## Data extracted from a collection
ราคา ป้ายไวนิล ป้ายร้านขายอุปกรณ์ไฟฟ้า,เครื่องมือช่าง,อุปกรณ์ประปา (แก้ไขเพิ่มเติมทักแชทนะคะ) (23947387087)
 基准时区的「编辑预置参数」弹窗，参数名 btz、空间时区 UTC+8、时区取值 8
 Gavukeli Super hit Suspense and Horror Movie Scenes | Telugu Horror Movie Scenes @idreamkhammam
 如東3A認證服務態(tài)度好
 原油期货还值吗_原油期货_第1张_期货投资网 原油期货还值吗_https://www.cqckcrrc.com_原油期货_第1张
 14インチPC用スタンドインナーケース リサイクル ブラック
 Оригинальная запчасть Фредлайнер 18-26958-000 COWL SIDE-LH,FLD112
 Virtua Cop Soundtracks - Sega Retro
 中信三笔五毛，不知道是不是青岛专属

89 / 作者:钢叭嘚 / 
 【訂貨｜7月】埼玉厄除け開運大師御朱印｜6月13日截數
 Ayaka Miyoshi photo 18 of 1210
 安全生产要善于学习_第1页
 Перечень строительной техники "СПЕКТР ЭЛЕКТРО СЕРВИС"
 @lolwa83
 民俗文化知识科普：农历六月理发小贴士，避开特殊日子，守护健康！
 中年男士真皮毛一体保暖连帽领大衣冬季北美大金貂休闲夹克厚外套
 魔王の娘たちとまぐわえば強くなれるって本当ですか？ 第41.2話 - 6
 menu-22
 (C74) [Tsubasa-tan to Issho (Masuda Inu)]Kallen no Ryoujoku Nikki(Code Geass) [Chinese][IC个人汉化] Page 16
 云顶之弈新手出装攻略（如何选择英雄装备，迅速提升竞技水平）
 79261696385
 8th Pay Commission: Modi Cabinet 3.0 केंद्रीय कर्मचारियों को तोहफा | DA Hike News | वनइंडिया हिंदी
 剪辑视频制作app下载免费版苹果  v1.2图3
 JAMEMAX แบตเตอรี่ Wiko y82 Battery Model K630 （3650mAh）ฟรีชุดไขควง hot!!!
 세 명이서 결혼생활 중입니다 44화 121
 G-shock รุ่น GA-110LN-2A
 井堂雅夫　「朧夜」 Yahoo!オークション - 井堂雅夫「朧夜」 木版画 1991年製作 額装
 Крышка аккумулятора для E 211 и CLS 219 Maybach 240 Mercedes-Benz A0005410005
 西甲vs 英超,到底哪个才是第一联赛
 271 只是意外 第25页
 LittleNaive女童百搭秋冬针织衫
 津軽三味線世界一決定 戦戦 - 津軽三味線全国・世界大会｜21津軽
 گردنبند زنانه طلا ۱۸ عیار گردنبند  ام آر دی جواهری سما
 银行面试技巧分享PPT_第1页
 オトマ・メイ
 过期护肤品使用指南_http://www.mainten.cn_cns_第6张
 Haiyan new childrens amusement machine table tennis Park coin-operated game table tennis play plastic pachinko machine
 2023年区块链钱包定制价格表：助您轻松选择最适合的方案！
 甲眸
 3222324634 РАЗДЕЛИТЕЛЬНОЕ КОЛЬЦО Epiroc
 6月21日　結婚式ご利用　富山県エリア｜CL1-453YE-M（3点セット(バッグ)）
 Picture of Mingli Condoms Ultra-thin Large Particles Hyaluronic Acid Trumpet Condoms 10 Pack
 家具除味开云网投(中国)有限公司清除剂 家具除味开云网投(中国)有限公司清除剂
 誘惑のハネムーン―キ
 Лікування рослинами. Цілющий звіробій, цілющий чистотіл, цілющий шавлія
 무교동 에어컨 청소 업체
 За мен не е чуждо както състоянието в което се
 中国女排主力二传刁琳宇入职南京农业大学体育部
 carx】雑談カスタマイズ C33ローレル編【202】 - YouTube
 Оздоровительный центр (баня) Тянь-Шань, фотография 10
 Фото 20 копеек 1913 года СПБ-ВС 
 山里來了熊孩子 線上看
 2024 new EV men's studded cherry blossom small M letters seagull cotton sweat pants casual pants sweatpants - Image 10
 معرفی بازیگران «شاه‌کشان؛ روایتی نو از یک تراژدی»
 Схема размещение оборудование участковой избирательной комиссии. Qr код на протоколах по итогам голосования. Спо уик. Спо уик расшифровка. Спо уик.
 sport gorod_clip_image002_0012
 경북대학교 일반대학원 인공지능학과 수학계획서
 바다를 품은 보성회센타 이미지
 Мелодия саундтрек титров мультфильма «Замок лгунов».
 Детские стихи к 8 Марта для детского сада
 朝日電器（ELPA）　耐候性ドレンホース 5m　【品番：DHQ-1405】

## Task details
All lines from the top of the data through the line containing "魔王の娘たちとまぐわえば強くなれるって本当ですか？ 第41.2話 - 6" need to be retyped exactly, and nothing more.

## Expected answer
ราคา ป้ายไวนิล ป้ายร้านขายอุปกรณ์ไฟฟ้า,เครื่องมือช่าง,อุปกรณ์ประปา (แก้ไขเพิ่มเติมทักแชทนะคะ) (23947387087)
 基准时区的「编辑预置参数」弹窗，参数名 btz、空间时区 UTC+8、时区取值 8
 Gavukeli Super hit Suspense and Horror Movie Scenes | Telugu Horror Movie Scenes @idreamkhammam
 如東3A認證服務態(tài)度好
 原油期货还值吗_原油期货_第1张_期货投资网 原油期货还值吗_https://www.cqckcrrc.com_原油期货_第1张
 14インチPC用スタンドインナーケース リサイクル ブラック
 Оригинальная запчасть Фредлайнер 18-26958-000 COWL SIDE-LH,FLD112
 Virtua Cop Soundtracks - Sega Retro
 中信三笔五毛，不知道是不是青岛专属

89 / 作者:钢叭嘚 / 
 【訂貨｜7月】埼玉厄除け開運大師御朱印｜6月13日截數
 Ayaka Miyoshi photo 18 of 1210
 安全生产要善于学习_第1页
 Перечень строительной техники "СПЕКТР ЭЛЕКТРО СЕРВИС"
 @lolwa83
 民俗文化知识科普：农历六月理发小贴士，避开特殊日子，守护健康！
 中年男士真皮毛一体保暖连帽领大衣冬季北美大金貂休闲夹克厚外套
 魔王の娘たちとまぐわえば強くなれるって本当ですか？ 第41.2話 - 6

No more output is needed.